Ventspils residents have unique infrastructure in their hands. It has enormous potential for creating jobs and attracting investments. The port’s function has a direct effect on the city’s economy and employment level. Therefore it is highly important to continue developing Ventspils port and services associated with it. We have to do everything we can so that the city and its residents gain maximum benefit from the port.
What can be done to ensure that businesses working at the port become some of the best employers in the city? According to information from the city council’s website, average wage in companies licensed to work at Ventspils Freeport was EUR 1,018 in 2015, which is not a small amount.
First of all, it should be said that Ventspils Freeport already works a lot to improve infrastructure, which is commendable. Nevertheless, it should be added that infrastructure alone is not enough – a lot depends on the capabilities of stevedores to attract cargoes.
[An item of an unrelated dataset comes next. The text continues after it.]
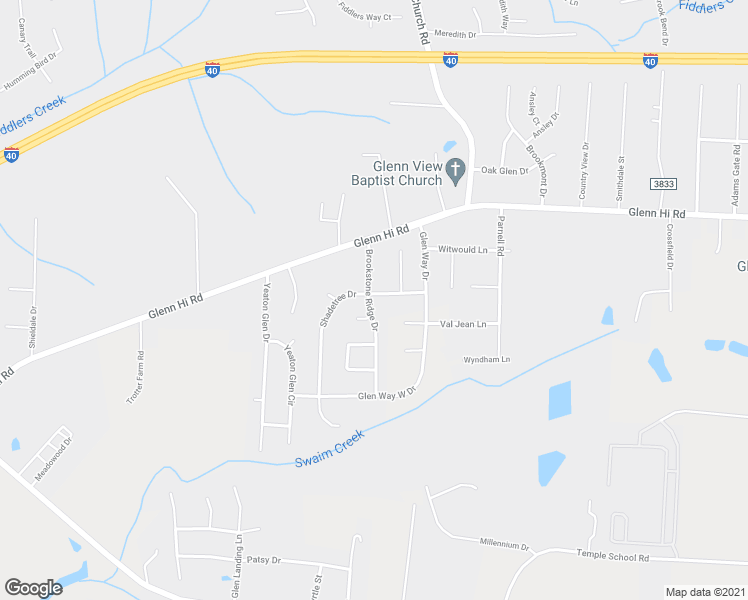 map of restaurants, bars, coffee shops, grocery stores, and more near 4246 Shadetree Drive in Winston-Salem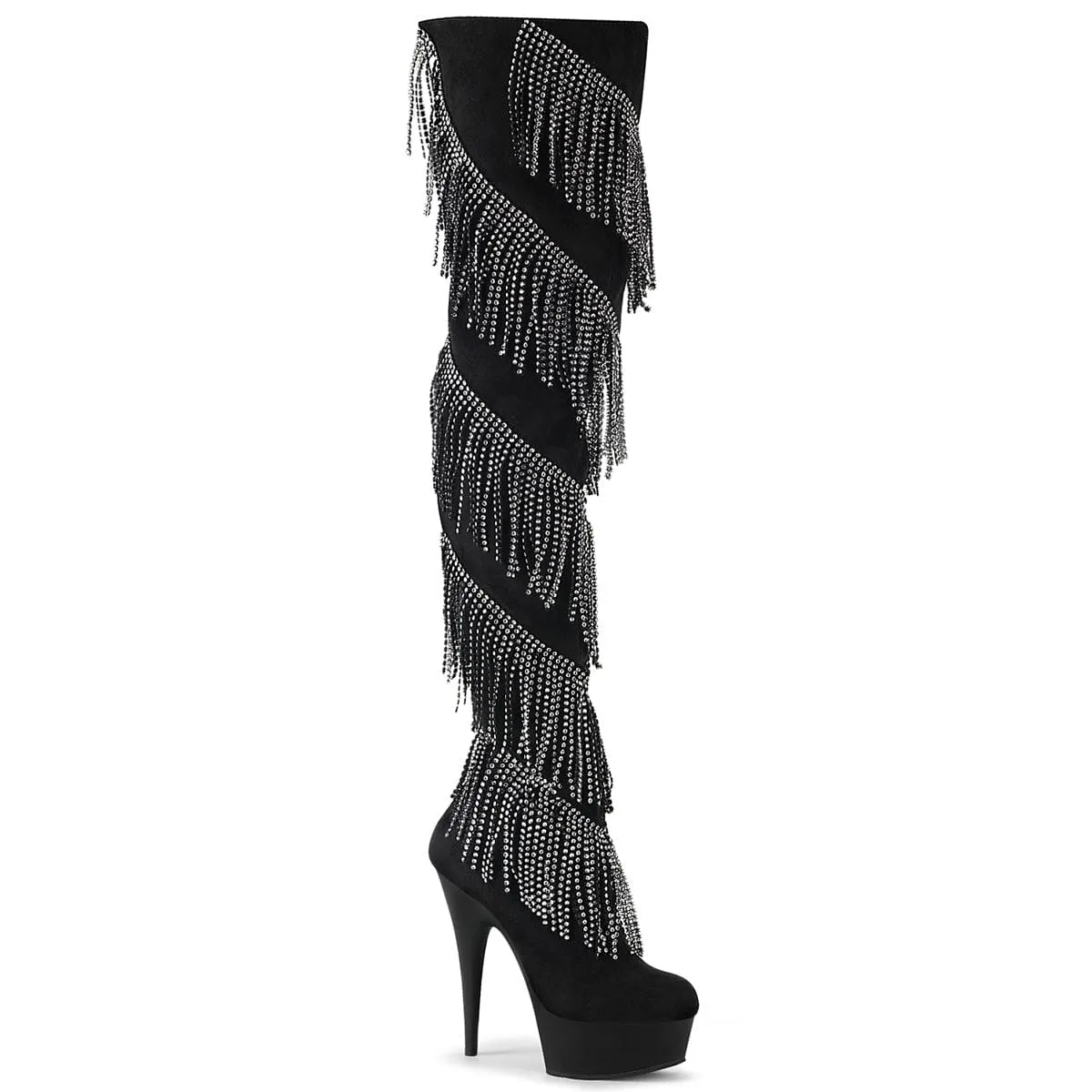 DELIGHT-3065 Black Faux Suede-Silver/Black Matte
But in order for businessmen to attract said cargoes, they require specific tools. It is not enough to say we have a good port and well-ordered infrastructure, because the first thing cargo owners ask is: how much will it cost me? If our price is not competitive enough and higher than the price offered by Riga or Klaipeda port, we lose. Nevertheless, there are matters in which the municipality could have gotten involved in a long time ago. This includes, for example, technical improvements of the railway in Ventspils’ direction. Establishing so-called pockets that would allow the railway to carry longer trains and reduce costs, fuel consumption and negative impact on environment. Modernization of the railway line is the responsibility of LDz. However, Ventspils City Council is influential enough to initiate the resolution of this matter on Transport Ministry’s level. Why this matter has not yet been resolved, I do not know. You can say that modernization of the railway line would require significant financial resources, but I believe it would be easy to attract finances from EU funds for such a project.
BATL has urged the government to review tariffs for Ventspils and Liepaja directions since 2014. It is clear that equalizing tariffs would benefit Ventspils and its residents. However, one of the most influential municipalities in Latvia pretends as though there is no problem. Even prior to 16+1 summit I wrote to the government about the need to create a unified transit corridor and tariff. I did receive a response expressing support for this idea from Liepaja. Ventspils said no.
Of course, the municipal government cannot affect the freeport’s work directly. But the city’s administration can contribute to the freeport’s and infrastructure’s development. There are representatives of the municipality in the freeport’s authority. Their decisions can affect infrastructure quality and accessibility, as well as port development matters. The municipality should not create any obstacles to impede the work of companies at the port. There has to be balance between interests of the city and the freeport.
Perhaps the city’s industrialization is more important than the port’s development? New factories, new jobs and new investments…
I do not agree that Ventspils will successfully replace transit with industrialization. Before it is possible to bet everything on industrialization, there has to be a very accurate long-term calculation of costs and benefits. Ventspils already has multiple factories. The question is – how much to they contribute to the budget? Factories can be and should be developed. But we do need to decide first what we want to produce and what will be the added value of those products. I have only one question – how will Ventspils’ residents and the region benefit from it?